● Work task: Leaving out the pictures, return word for word the stretch of entries below from the line holding "Hiking out at sunset" through the line holding "Canvas Print, Cat".

● Given information:
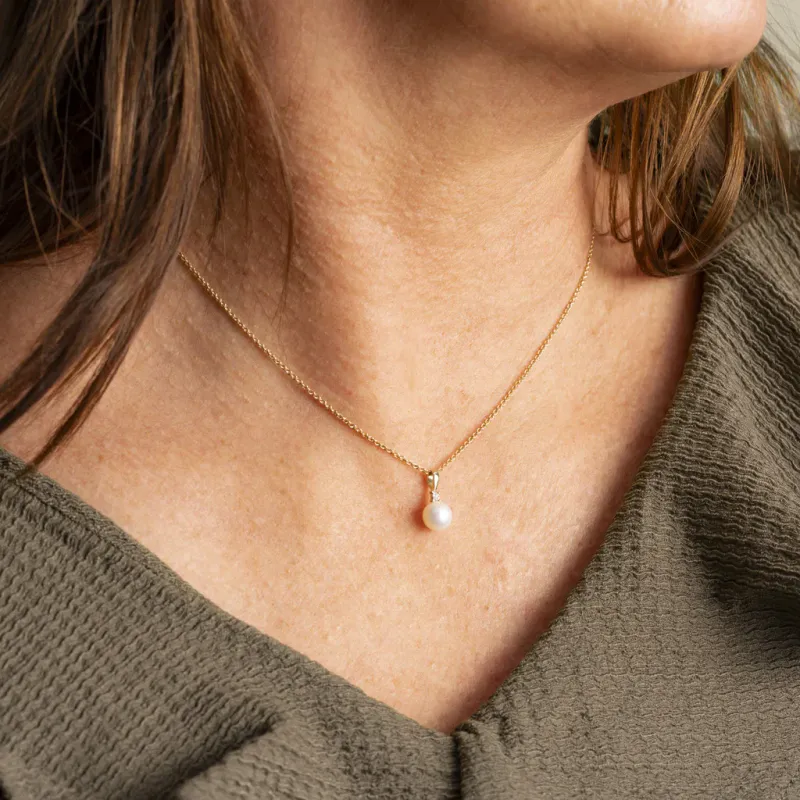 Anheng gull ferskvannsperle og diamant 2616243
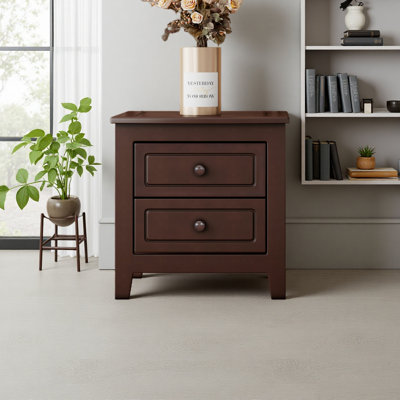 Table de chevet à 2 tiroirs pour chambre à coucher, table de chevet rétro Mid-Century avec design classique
--
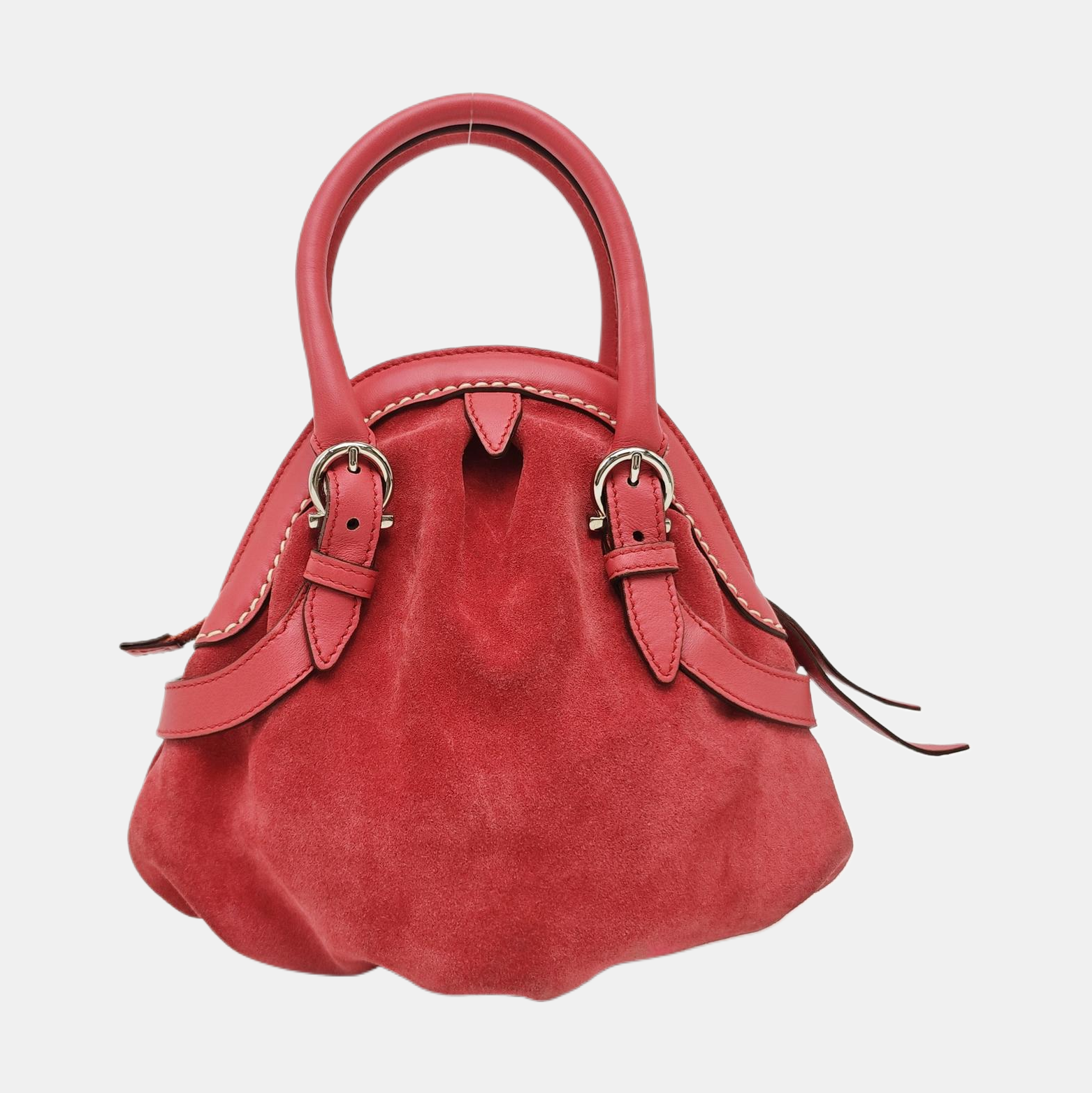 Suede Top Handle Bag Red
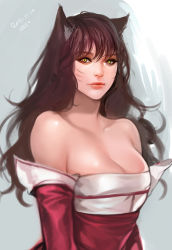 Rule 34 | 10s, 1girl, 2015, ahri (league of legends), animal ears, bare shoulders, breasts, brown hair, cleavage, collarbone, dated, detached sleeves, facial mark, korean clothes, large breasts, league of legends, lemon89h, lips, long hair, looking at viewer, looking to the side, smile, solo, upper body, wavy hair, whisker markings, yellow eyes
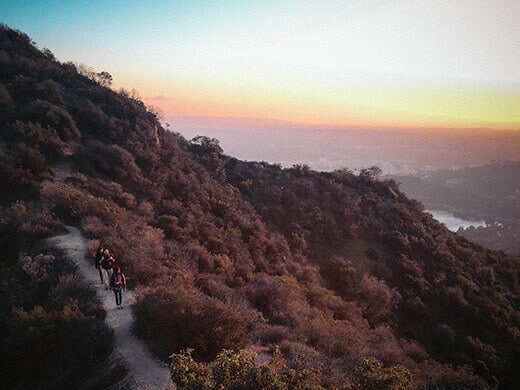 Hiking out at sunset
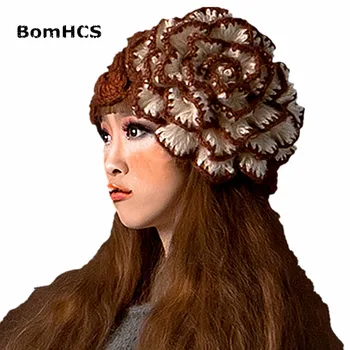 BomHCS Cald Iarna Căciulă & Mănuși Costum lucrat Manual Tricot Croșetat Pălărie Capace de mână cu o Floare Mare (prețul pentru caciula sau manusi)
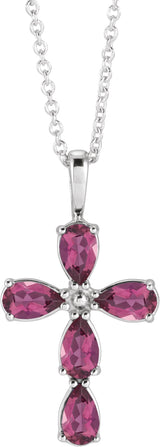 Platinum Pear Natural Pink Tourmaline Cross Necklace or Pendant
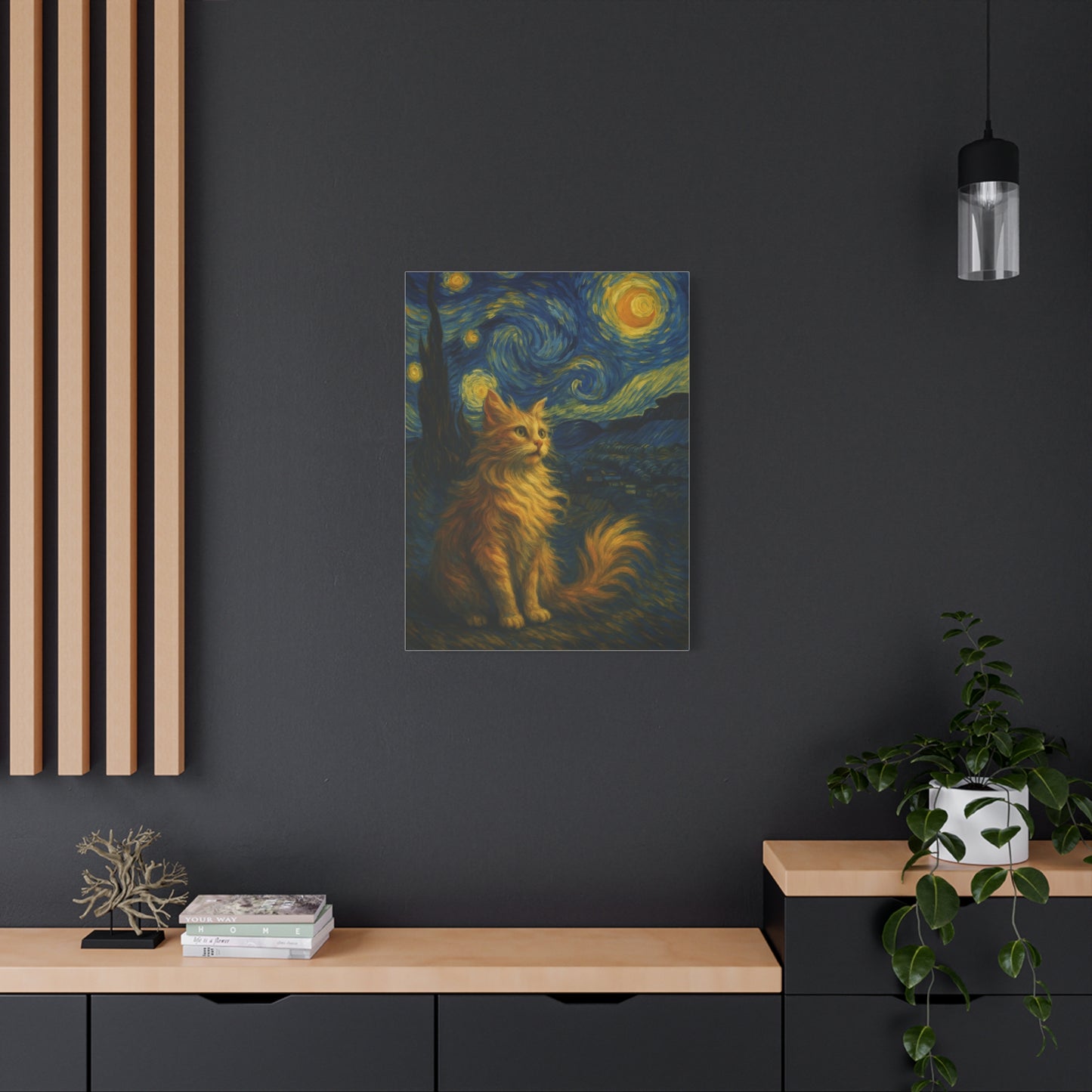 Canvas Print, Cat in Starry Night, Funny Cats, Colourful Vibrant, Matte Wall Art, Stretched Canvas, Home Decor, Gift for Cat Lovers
...
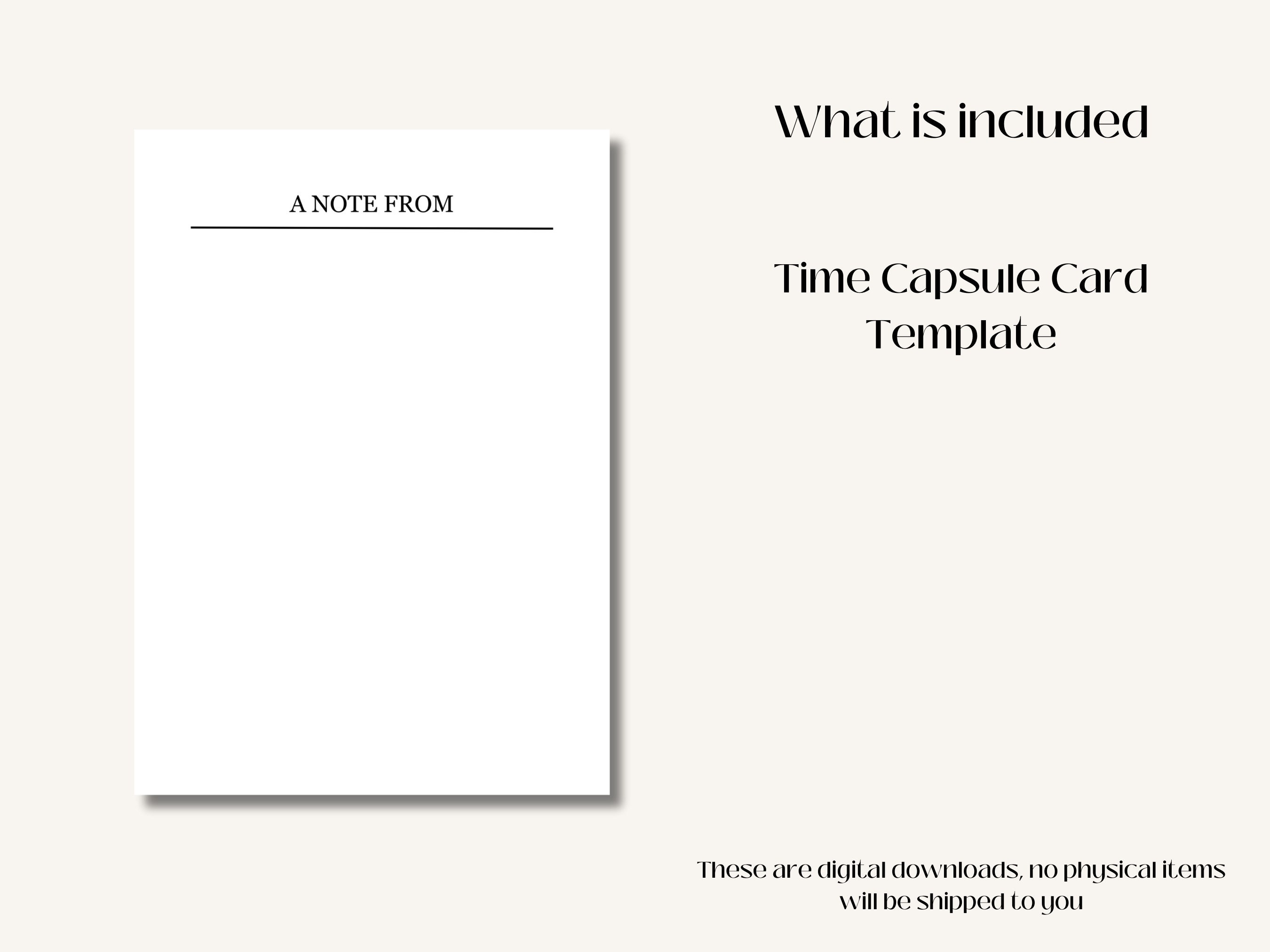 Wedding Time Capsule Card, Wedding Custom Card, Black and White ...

● Solution to this problem:
 Hiking out at sunset
 BomHCS Cald Iarna Căciulă & Mănuși Costum lucrat Manual Tricot Croșetat Pălărie Capace de mână cu o Floare Mare (prețul pentru caciula sau manusi)
 Platinum Pear Natural Pink Tourmaline Cross Necklace or Pendant
 Canvas Print, Cat in Starry Night, Funny Cats, Colourful Vibrant, Matte Wall Art, Stretched Canvas, Home Decor, Gift for Cat Lovers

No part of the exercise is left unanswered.